About this exercise: Every entry below needs to be printed again exactly, with its pictures left out.

Data for processing:
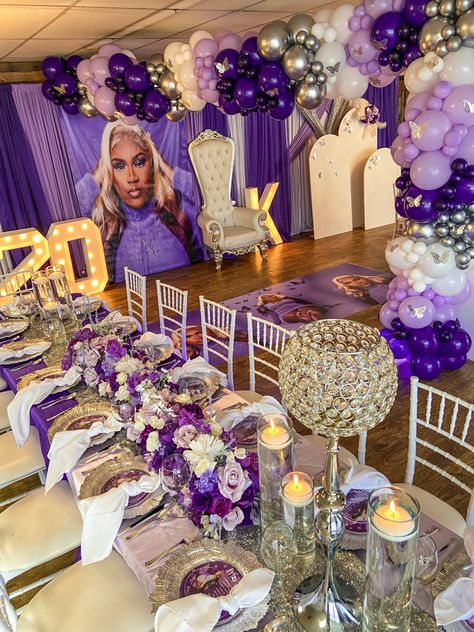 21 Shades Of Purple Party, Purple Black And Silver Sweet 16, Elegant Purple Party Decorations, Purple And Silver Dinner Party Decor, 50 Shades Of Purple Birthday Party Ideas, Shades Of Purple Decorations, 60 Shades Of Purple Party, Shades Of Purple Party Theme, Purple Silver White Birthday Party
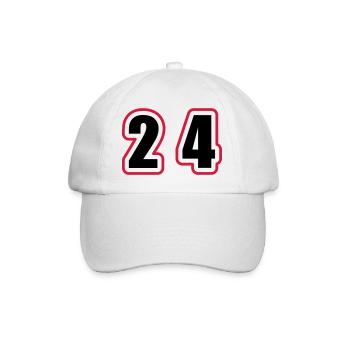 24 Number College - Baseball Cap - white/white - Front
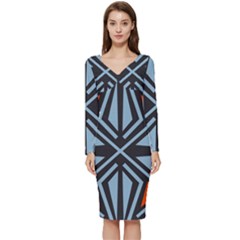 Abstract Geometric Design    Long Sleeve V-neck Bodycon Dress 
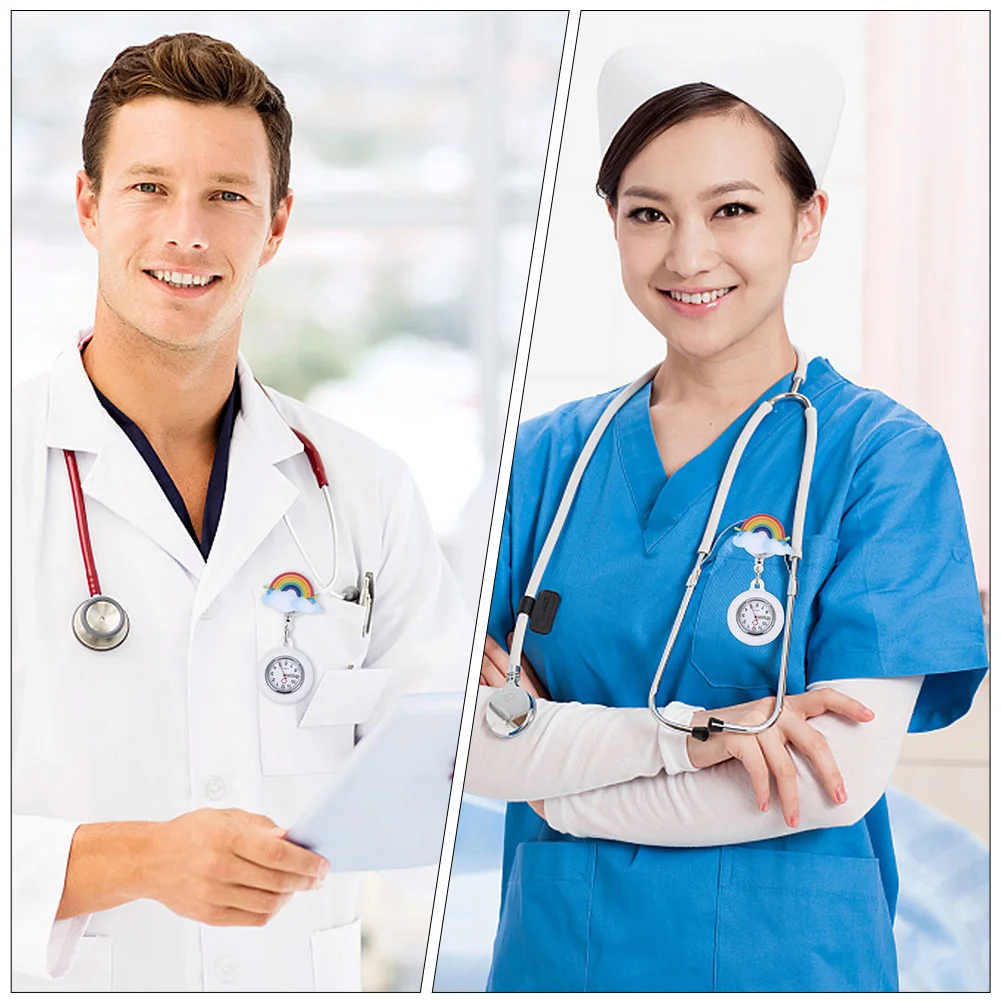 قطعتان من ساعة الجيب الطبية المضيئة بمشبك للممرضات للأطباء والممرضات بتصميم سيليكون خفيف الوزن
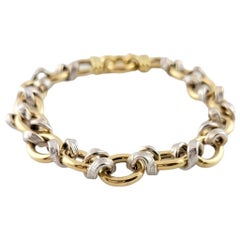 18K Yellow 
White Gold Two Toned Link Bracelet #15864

Response to this exercise:
 21 Shades Of Purple Party, Purple Black And Silver Sweet 16, Elegant Purple Party Decorations, Purple And Silver Dinner Party Decor, 50 Shades Of Purple Birthday Party Ideas, Shades Of Purple Decorations, 60 Shades Of Purple Party, Shades Of Purple Party Theme, Purple Silver White Birthday Party
 24 Number College - Baseball Cap - white/white - Front
 Abstract Geometric Design    Long Sleeve V-neck Bodycon Dress 
 قطعتان من ساعة الجيب الطبية المضيئة بمشبك للممرضات للأطباء والممرضات بتصميم سيليكون خفيف الوزن
 18K Yellow 
White Gold Two Toned Link Bracelet #15864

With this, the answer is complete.